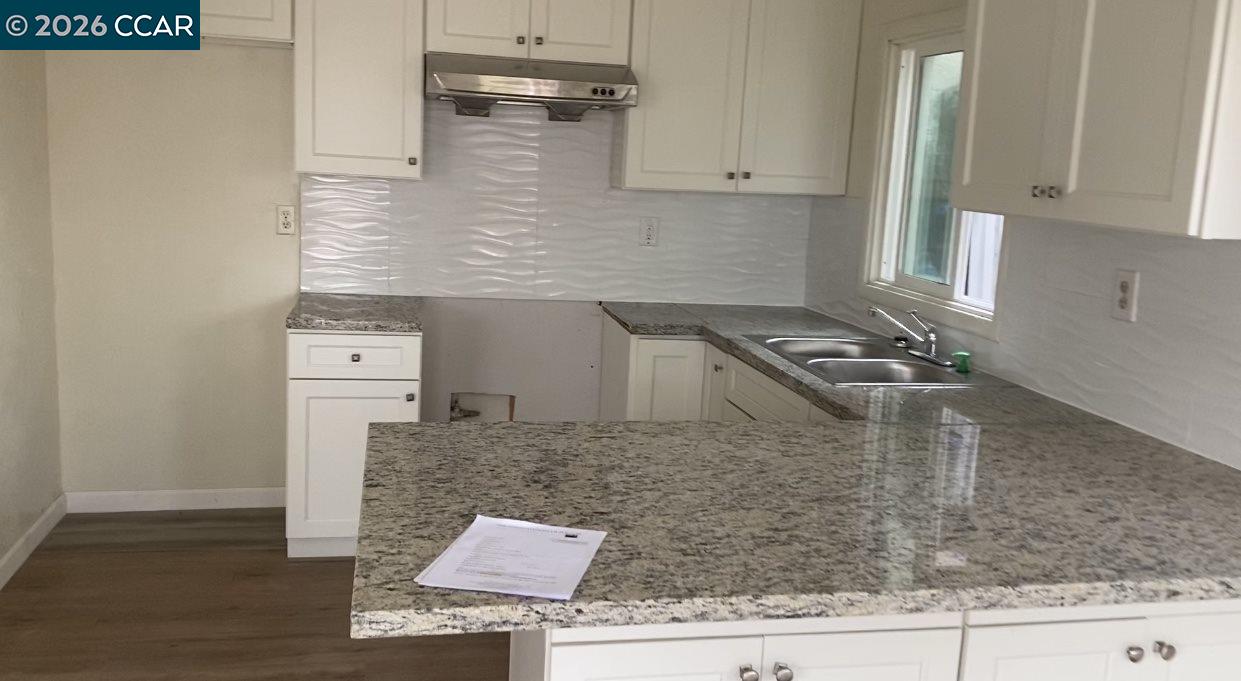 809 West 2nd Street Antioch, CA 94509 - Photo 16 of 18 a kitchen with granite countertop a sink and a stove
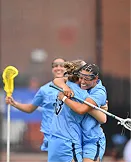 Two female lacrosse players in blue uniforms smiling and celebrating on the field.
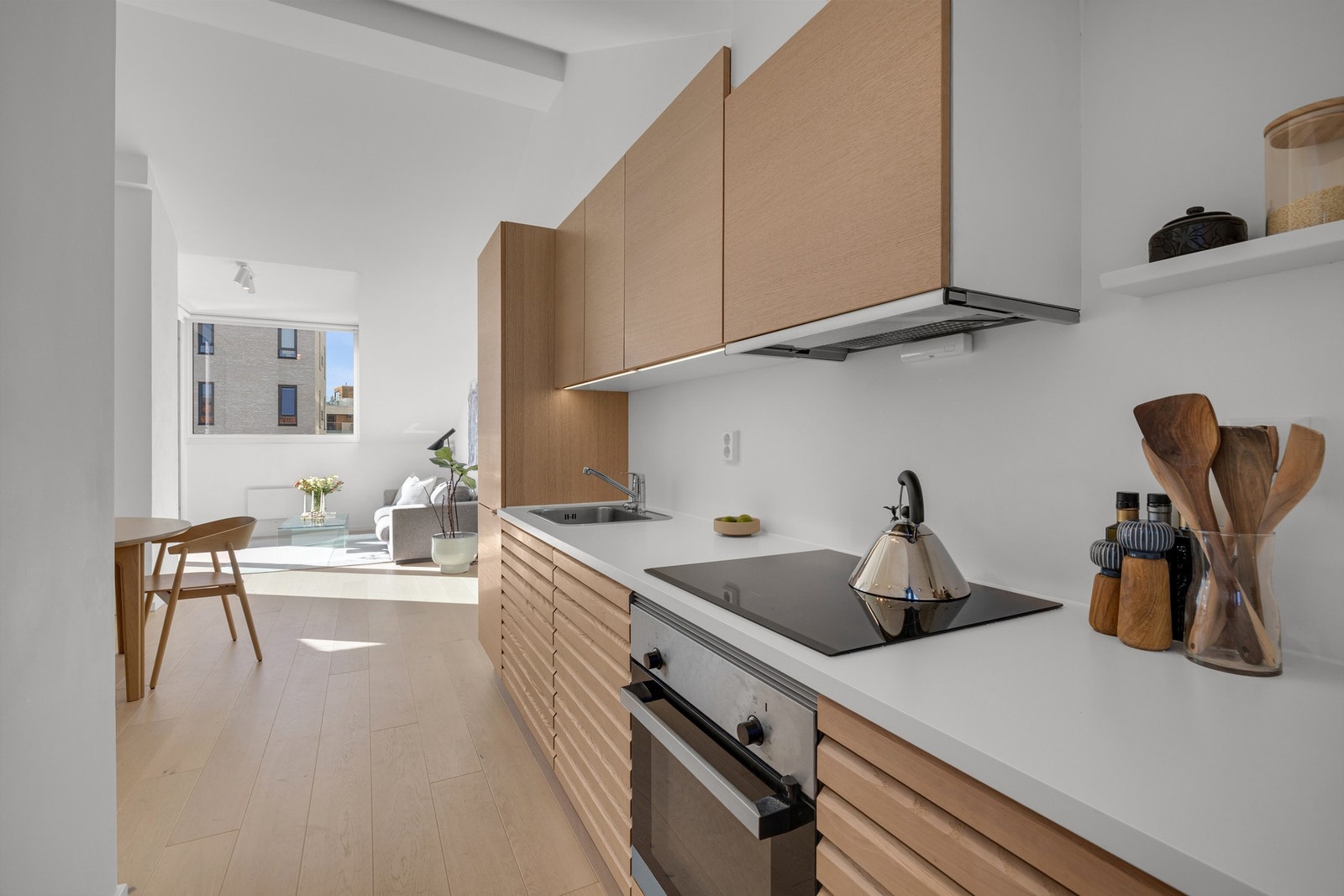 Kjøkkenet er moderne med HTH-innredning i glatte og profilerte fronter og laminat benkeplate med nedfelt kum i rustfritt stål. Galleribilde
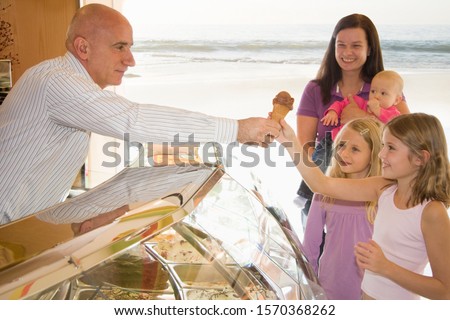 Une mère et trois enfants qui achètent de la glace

## What to work on
Leaving out all pictures, repeat word for word the lines from the one containing "Kjøkkenet er moderne" through the final line of the material above.

## Your response
 Kjøkkenet er moderne med HTH-innredning i glatte og profilerte fronter og laminat benkeplate med nedfelt kum i rustfritt stål. Galleribilde
 Une mère et trois enfants qui achètent de la glace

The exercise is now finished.